◆ Data excerpt ◆
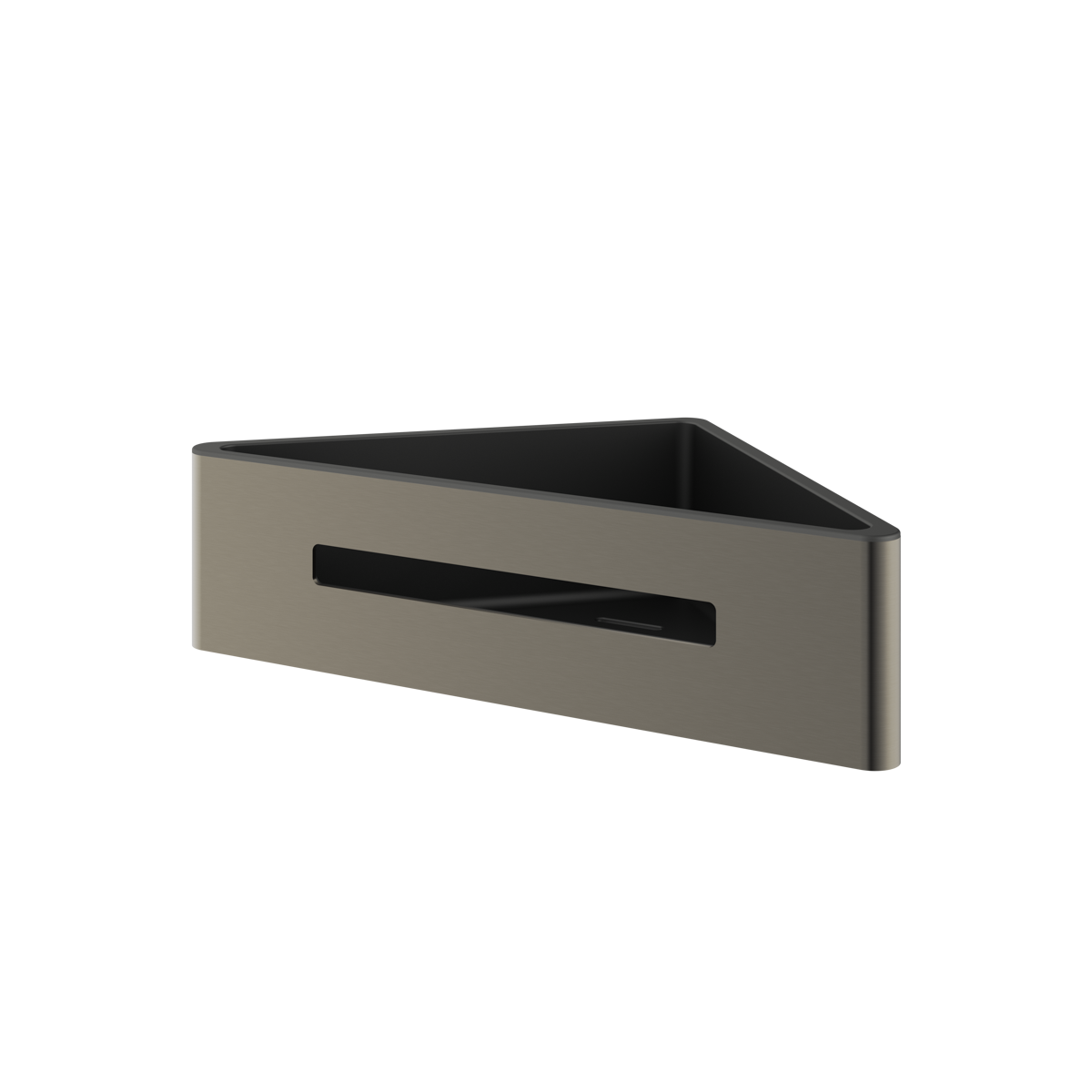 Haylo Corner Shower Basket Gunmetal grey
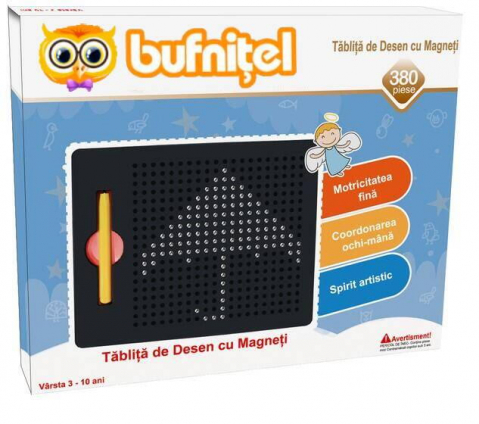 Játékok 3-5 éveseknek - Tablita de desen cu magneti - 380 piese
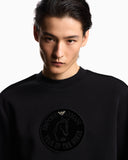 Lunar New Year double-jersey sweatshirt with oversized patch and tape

◆ Work request ◆
Would you reproduce the lines above exactly, without carrying over the pictures?

◆ Response to the task ◆
 Haylo Corner Shower Basket Gunmetal grey
 Játékok 3-5 éveseknek - Tablita de desen cu magneti - 380 piese
 Lunar New Year double-jersey sweatshirt with oversized patch and tape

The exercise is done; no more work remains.